# Smoochie - First Time in the Ring



## inge (Sep 20, 2009)

Picture updates! Congratulations!


----------



## HiTideGoldens (Dec 29, 2009)

I didn't get any today, but here she is from last last weekend.


----------



## TheZ's (Jun 13, 2011)

What a lovely little lady!


----------



## LJack (Aug 10, 2012)

Congratulations! She is such a pretty girl, love her little butt tufts where her pant feathers are coming in. Too cute. Here's to a great start of a wonderful show career. How out numbered does poor Jack feel with all these lovely little girls around?


----------



## HiTideGoldens (Dec 29, 2009)

LJack said:


> Congratulations! She is such a pretty girl, love her little butt tufts where her pant feathers are coming in. Too cute. Here's to a great start of a wonderful show career. How out numbered does poor Jack feel with all these lovely little girls around?

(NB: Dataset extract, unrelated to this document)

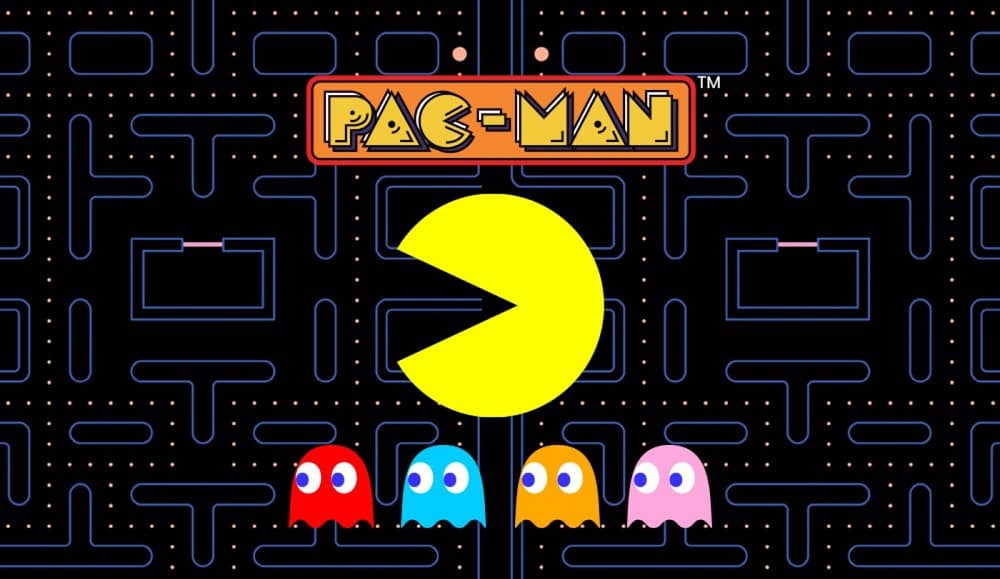 Pacman 30th Anniversary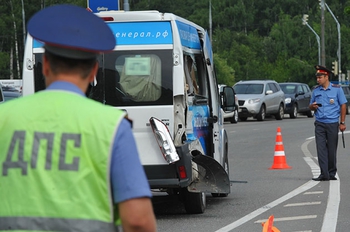 Сотрудники ГИБДД города Тольятти усилили контроль на дорогах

She is definitely getting really cute. I'm hoping to show her myself as much as possible, so needless to say I'm thrilled she's turning out so well. 

I'm pretty sure Jack loves it! Kira rules the roost though, so he pretty much just does what she tells him... :


----------



## LJack (Aug 10, 2012)

Smart man:--big_grin:


----------



## inge (Sep 20, 2009)

goldenjackpuppy said:


> I didn't get any today, but here she is from last last weekend.

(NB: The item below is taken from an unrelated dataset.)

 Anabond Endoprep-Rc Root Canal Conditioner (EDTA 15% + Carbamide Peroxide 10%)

Now where did she get all hair? I've got a lab with hair tufts sticking out, but Smooch looks like a golden...!


----------



## OnMyWay2MyDreams (Feb 13, 2011)

She's adorable! Congrats! A win is a win!


----------



## Karen519 (Aug 21, 2006)

*Congrats*

CONGRATS to Smooch!
I just love her NAME!
My Golden Retriever's name was Smooch and she was a Sweetheart!!


----------



## Kmullen (Feb 17, 2010)

Love this little girl!! Huge congrats!!


----------



## CarolinaCasey (Jun 1, 2007)

She is seriously too cute for words! Love her! Congrats on a great start to her show career!


Sent from my iPhone using PG Free


----------



## Glassbuttercup (Jan 22, 2012)

Congratulations!! She is very pretty!!


----------



## SeaGreen528 (Sep 4, 2012)

She looks so nice! Good job smooch!


----------



## TheresaD (Oct 8, 2012)

goldenjackpuppy said:


> I didn't get any today, but here she is from last last weekend.

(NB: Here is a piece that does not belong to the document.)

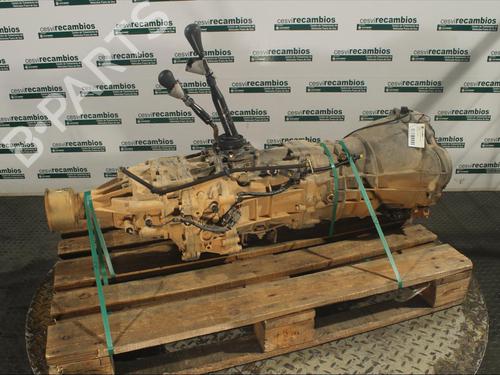 Used Gearbox NISSAN TERRANO II (R20) 2.7 TDi 4WD (125 hp) 11898568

Oh, she is gorgeous! I am so happy that the pick boy that Dana and I get from Sonny X Roxy will be her relative! That boy hopefully has a bright future!


----------



## Karen519 (Aug 21, 2006)

*Smooch*

Do you have anymore pictures of Smooch?
She is just beautiful and I'm in LOVE WITH HER NAME. 
I lost a Golden Ret. Girl, named Smooch, on Dec. 7, 2010 and it makes me SMILE to hear the name, again!!


----------



## FeatherRiverSam (Aug 7, 2009)

Congratulations on the win!!! She's beautiful, but then you already know that!

Pete


----------



## HiTideGoldens (Dec 29, 2009)

You guys are all so sweet. Karen I'm glad her name makes you smile. She is definitely a little pistol of a girl but so so so sweet.  

Here is a picture of Smoochie that my friend took at the NorCal specialty at the end of October. That's me waterskiing behind her.... :doh: You'd never guess she was just over 6 months old with her confidence level...lol


----------



## HiTideGoldens (Dec 29, 2009)

Here is another shot of her from the same day


----------



## DanaRuns (Sep 29, 2012)

goldenjackpuppy said:


> Here is another shot of her from the same day


I LOVE this picture of Smooch. :--heart:

And the picture above with you in it (water skiing -- LOL!  ) shows lovely movement. You've got a good one there! Make sure to keep us posted how she does.


----------



## inge (Sep 20, 2009)

She is really gorgeous, Michelle. Liza is a baby compared to her, amazing...


----------